Tag Archives: job application

Sometimes I listen to people. It’s rare, but it happens.

For the 3/4 of a person that cares, I am once again quite sorry for disappearing for the last few weeks. It’s not that I don’t have anything to say or the time to say it, I’m just a horrible horrible person.

I kid.

No, it’s just inertia working against me. The less I write the harder it is to get back into the proverbial saddle and wride on (get it? get it?).

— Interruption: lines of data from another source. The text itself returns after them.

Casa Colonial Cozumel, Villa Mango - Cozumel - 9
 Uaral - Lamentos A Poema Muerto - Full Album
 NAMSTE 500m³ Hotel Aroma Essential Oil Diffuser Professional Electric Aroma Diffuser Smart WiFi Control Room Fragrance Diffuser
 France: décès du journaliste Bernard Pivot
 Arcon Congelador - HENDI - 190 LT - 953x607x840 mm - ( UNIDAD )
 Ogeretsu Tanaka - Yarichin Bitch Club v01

But, anyway, I’m here now, trying to get my mind-at-rest to stop staying at rest. I’ve been struggling for an hour or so to organize my thoughts and decide what to say and what is unimportant, and then I remembered that once upon a time, I had readers; and once upon a time, one of my readers gave me some advice. On one of my lazy posts, someone left a comment saying:

“You should write in bullets more often. They’re much more entertaining.”

Well, I aspire to someday be considered entertaining, so reader and friend, these bullets are for you.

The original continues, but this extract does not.